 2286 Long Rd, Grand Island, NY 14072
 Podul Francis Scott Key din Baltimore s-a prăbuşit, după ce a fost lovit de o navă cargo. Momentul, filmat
--
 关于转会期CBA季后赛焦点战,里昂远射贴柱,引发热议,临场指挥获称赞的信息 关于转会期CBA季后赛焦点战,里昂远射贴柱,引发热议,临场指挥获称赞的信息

# THE PROBLEM:
From the entries above, return exactly the line containing "2286 Long Rd, Grand Island, NY 14072", the line containing "Podul Francis Scott", and all lines between, and nothing else.

# RESPONSE FOR THIS EXERCISE:
 2286 Long Rd, Grand Island, NY 14072
 Podul Francis Scott Key din Baltimore s-a prăbuşit, după ce a fost lovit de o navă cargo. Momentul, filmat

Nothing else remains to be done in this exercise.